WHAT THIS TASK INVOLVES:
Your answer must be the lines from the one holding "FOTO Ist KETIKKABARcom" through the final line of the entries below, copied exactly, with no pictures.

ENTRIES PROVIDED:

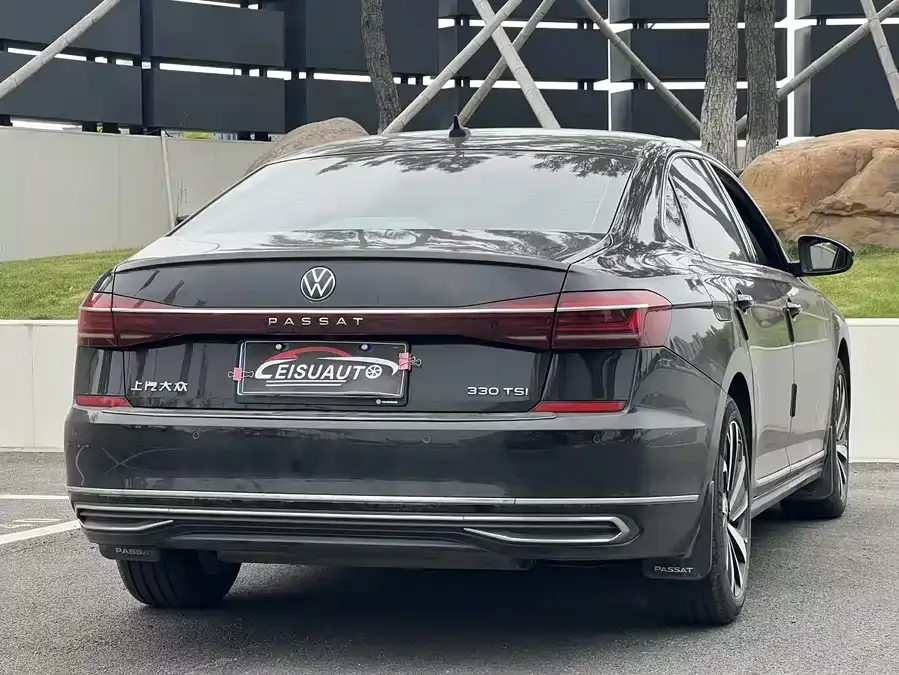 Volkswagen Passat Passat 2022 330TSI Deluxe Edition 2022 — миниатюра 3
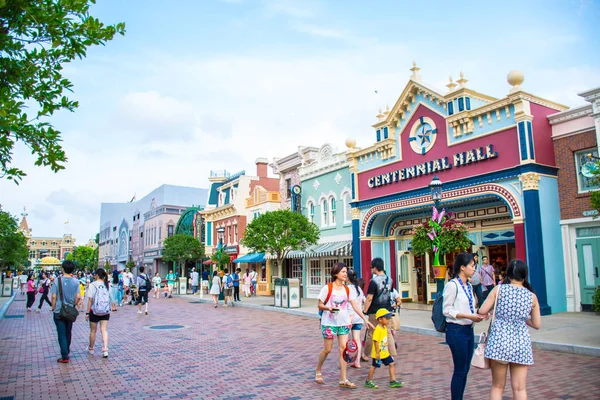 Turistas Pasan Tiempo Hong Kong Disneyland — Foto de Stock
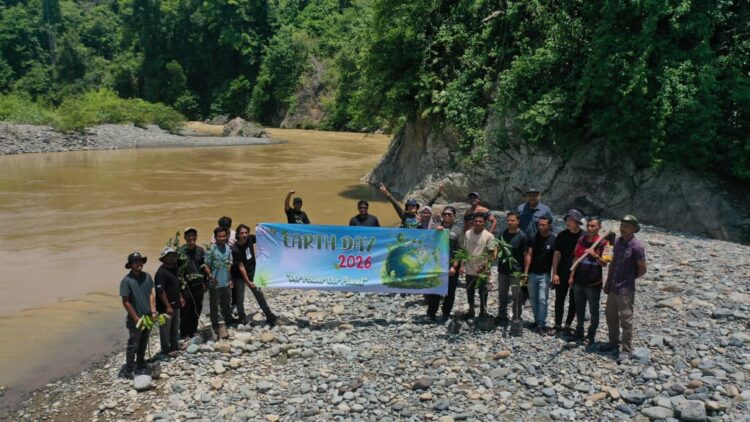 Ikatan Pemuda Jantho Lestari bersama Forum Jurnalis Lingkungan FJL Aceh menggelar aksi protes terhadap maraknya aktivitas tambang ilegal di kawasan Cagar Alam Jantho Aceh Besar Rabu 2242026 FOTO Ist KETIKKABARcom Ikatan Pemuda Jantho Lestari bersama Forum Jurnalis Lingkungan FJL Aceh menggelar aksi protes terhadap maraknya aktivitas tambang ilegal di kawasan Cagar Alam Jantho Aceh Besar Rabu 2242026 FOTO Ist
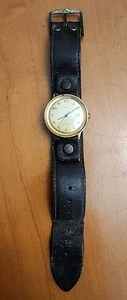 Reloj Pulsera Timex Vintage Cuerda Automática Resistente al Agua - Imagen 1 de 4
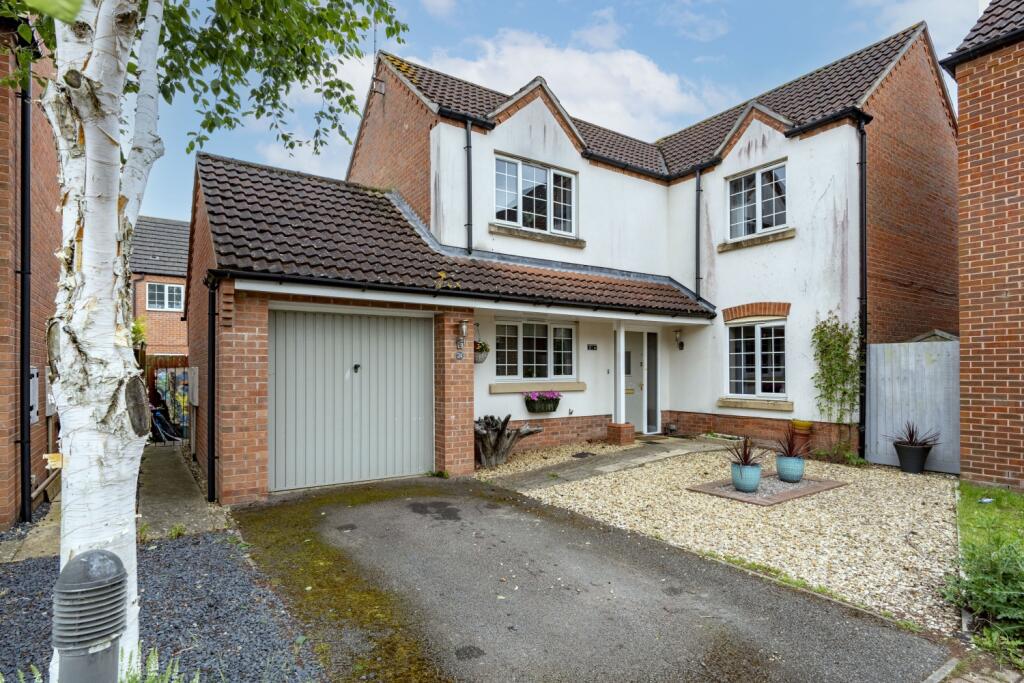 4 bedroom detached house for sale in Nursery Way, Spalding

RESPONSE:
 Ikatan Pemuda Jantho Lestari bersama Forum Jurnalis Lingkungan FJL Aceh menggelar aksi protes terhadap maraknya aktivitas tambang ilegal di kawasan Cagar Alam Jantho Aceh Besar Rabu 2242026 FOTO Ist KETIKKABARcom Ikatan Pemuda Jantho Lestari bersama Forum Jurnalis Lingkungan FJL Aceh menggelar aksi protes terhadap maraknya aktivitas tambang ilegal di kawasan Cagar Alam Jantho Aceh Besar Rabu 2242026 FOTO Ist
 Reloj Pulsera Timex Vintage Cuerda Automática Resistente al Agua - Imagen 1 de 4
 4 bedroom detached house for sale in Nursery Way, Spalding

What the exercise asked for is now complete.